Bruce Anderson

Glyndebourne in the City

Early last century, an impoverished youth emerged from the East End. Able and hard-working, he discovered — as many had before him — that the City offered an open route to opportunity and riches. By the early 1950s, Rudolph Palumbo decided he could afford a family office. So he commissioned a Queen Anne building on Walbrook. Although it could not compensate for the City’s grievous architectural losses during the war, it was a reassertion of old values: of a long tradition that finance and the fine arts could march together.

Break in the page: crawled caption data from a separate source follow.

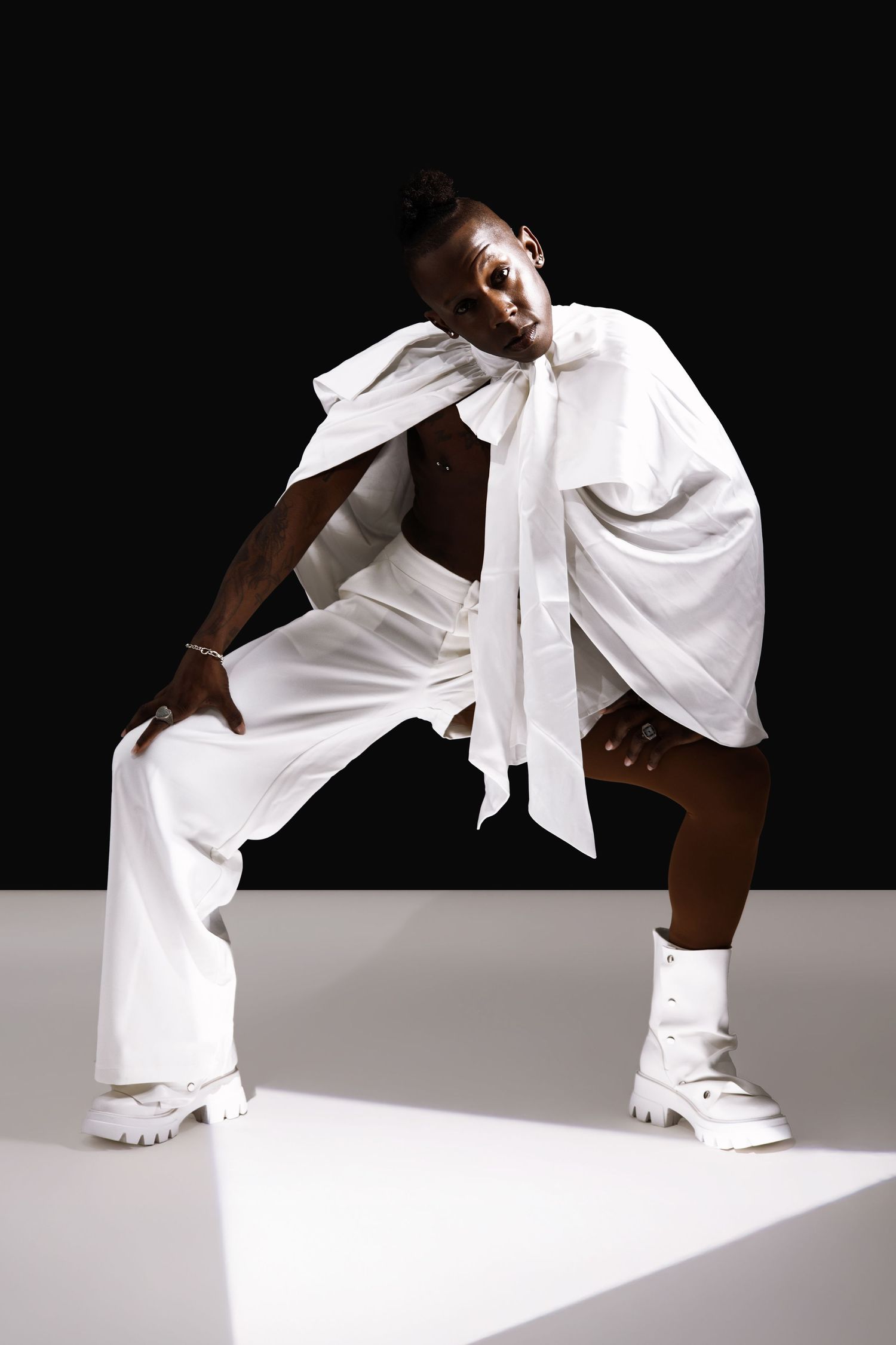Black male model in white wide-leg pants and oversized bow shirt posing in dramatic fashion editorial.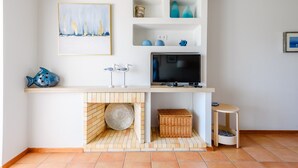 Uma sala de estar moderna com televisão, estantes e objetos decorativos.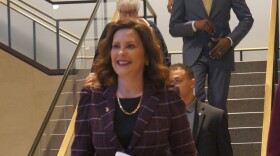 Governor Gretchen Whitmer on her way to sign a bill to boost the earned income tax credit and restore a retirement income tax break.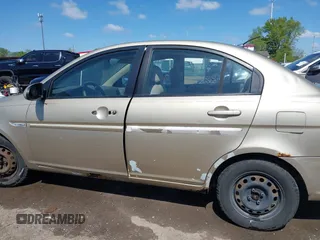 2007 Hyundai Accent GLS with VIN KMHCN46C47U101984, listed as a IAAI auction lot 42234484 with 185,048 mi miles and . Bid and sale history available at DreamBid. Image 14.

Forty years on, Rudolph’s son Peter was having lunch with Mark Birley at the Connaught. Mark, son of Oswald, a much underrated painter, had as much taste as any Englishman in the 20th century. ‘What are you going to do with that building of yours?’ he enquired. ‘I thought of turning it into a club, but only if you’ll design it,’ said Peter. (Mark was the chastellain of Annabel’s). ‘I’d better ask what it will cost. Would a million be enough?’ Mark shrugged his shoulders. The total was twice that, as Peter pointed out, wryly rather than reproachfully.

Twenty years later, this seems like a bargain. The Walbrook is an enchantment: Glyndebourne in the City. The average member has probably spent the morning on the captain’s quarter-deck of his bank or giving orders to trading floors across much of the globe. At lunchtime, he can escape from the counting-house to the country house. The atmosphere is gentle; the standards are of the highest. Young Philip Palumbo, who now runs the Walbrook, always carries a discreet notebook. In a wholly unshouty fashion, he believes in perfectionism — until they invent something better.

Needless to say, the food is excellent. The founding chefs were Michel and Albert Roux.